- Type: Rifle
- Place of origin: United States

Production history
- Designer: L.R. Crittendon, E.W. Hailston
- Manufacturer: Remington Arms
- Produced: 1957–2020

Specifications
- Mass: 5.75 lb (2.61 kg)
- Length: 40 in (100 cm)
- Barrel length: 22 in (56 cm)
- Cartridge: .22 Short, .22 Long, .22 LR

= Remington Model 552 =

The Remington Model 552 Speedmaster is a blow-back operated, self-loading, semi-automatic rifle that can fire .22 Short, .22 Long and .22 long rifle cartridges. Ammunition is fed from a tubular magazine under the barrel.

==History and Features==
Designed by Remington engineers L.R. Crittendon and E.W. Hailston, and first introduced in 1957, the model 552 features a self-loading, blowback action featuring a low profile left-side bolt handle that lends itself to a clean receiver appearance and slender profile. The rifle is equipped with both open sights and a 3/8" (9.5 mm) dovetail rail for mounting a scope and a safety on the trigger guard. The Speedmaster was manufactured from 1957 to 1988 in a standard model. In 1966 Remington offered this rifle with a special stamping of the company's 150th anniversary on the left side of the receiver.
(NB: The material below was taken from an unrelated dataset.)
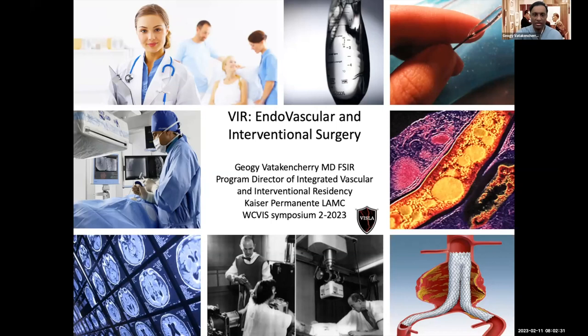Let's talk about this new specialty in medicine — VIR, endovascular, and interventional surgery. The more I do this, I recognize this is truly just a surgical field. It is not an imaging field. It is a surgical field.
In 1991, the walnut butt stock of the BDL Deluxe version was altered to incorporate a Monte Carlo comb to improve cheek weld when using the rifle with a telescopic sight, while the impressed checkering on the butt stock and forearm was changed to machine-cut checkering. in 2017, after complaints that the Monte Carlo comb made the rifle difficult to use with open sights, Remington returned to a straight comb stock design for current production BDL rifles.

The Speedmaster was produced until 2020 in an upgraded "BDL" model, featuring a checkered walnut butt stock and forearm with a gloss finish.